Four interconnected subprojects address the central question: In what ways did inhabitants of eighteenth-century Sri Lanka interact with Dutch normative institutions and how did this interaction shape everyday life under colonial rule?  

At the base of the project as a whole, subproject A considers the Dutch bureaucratic culture of registration and its ideological framework in general, subprojects B, C and D each focus on one particular institution: taxation, religion and legal courts. The Project Leader will produce a synthesis that will bring together the results of this localized study of society - state interaction and place this in a global context of contemporary expanding (colonial) bureaucracies and state-formation.

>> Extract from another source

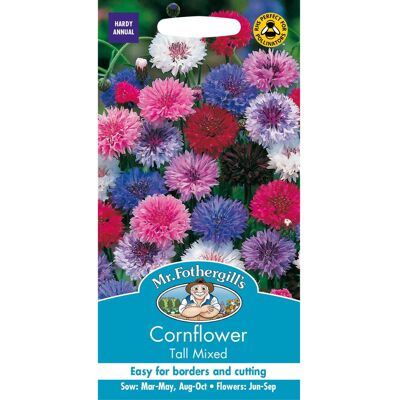 Mr Fothergill's Mr Fothergills - Pictorial Packet - Flower - Cornflower Tall Mixed - 500 Seeds Mr Fothergill's Mr Fothergills - Pictorial Packet - Flower - Cornflower Tall Mixed - 500 Seeds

All subprojects are based on the following questions: Which local groups are involved, and who is excluded? What are the concerns at stake and whose issues are addressed? What procedures are followed and what norms are articulated? Who benefits or loses, and why? Each subproject combines a structural macro-analysis of the function of these institutions in society with a micro-approach that singles out life stories of individuals and families who engaged with them in order to grasp their everyday experience with Dutch colonialism. Both on a conceptual and methodological level these approaches crucially complement each other, as the macro-analysis of people and cases justifies the selection of representative micro stories that make tangible the workings of the institutions in society at large. 

Project A ‘Mapping identity’ (Postdoc Leiden University) will for the first time critically reassess the thombo registration as part of larger Dutch administrative efforts to categorize and control the inhabitants under their rule, as both an ideological reflection and bureaucratic instrument of colonial stereotypical reasoning. The thombo registers will be analysed both diachronically in relation to earlier indigenous and Portuguese administrative practices and comparable proto-registers as well as synchronically in relation to the parish and legal administration of the VOC.

Project B ‘Negotiating fiscal norms, property and labour’ (PhD Radboud University Nijmegen) focuses on the thombos as sites of negotiaton related to property and personal services. It will analyse the complex and manifold categories employed to describe land plots and concomitant rights and duties in the land thombos and those describing caste, labour services, civil status, legitimacy and genealogical relations in the head thombos. It is precisely in these categories as they emerge over time and differ across regions that we find the crystallized negotiations between members of extended families, between villages and aristocracy, between the indigenous population and the VOC, and between the VOC and the Church.

Project C ‘Negotiating conversion and family law’ (PhD Leiden University) sees the church as norm-maker in family affairs and addresses the issue of religious conversion as offering social mobility to Sinhalese and Tamil families. It will use conversion, baptism and marriage data from the eighteenth-century parish registers (or school thombos) and minutes of the Consistory of the Dutch Reformed Church in Wolvendaal, Colombo where divorce cases were discussed. In order to understand the effect of everyday experiences with Christianity it will identify the family structures of converted Roman Catholic and Protestant families in the thombo registration.

Project D ‘Consuming the law’ (Dr. Dries Lyna, Radboud University Nijmegen) conceptualises the civil courts as arenas of self-assertion for families and individuals living in the multi-ethnic social order in the coastal urban and adjacent rural areas of Colombo, Galle and Jaffna. Litigation practices between and within various groups over inheritance issues and business transactions were regular affairs at the Civiele Stadsraad. The court cases will allow us to gauge the importance of citizenship for urban communities such as the Sinhalese, Dutch and Portuguese Burghers, Muslim traders and Chetties. The thombo registers are used to localize litigants and allow us to go beyond the fragmented socio-economic pictures of colonial urban melting pots.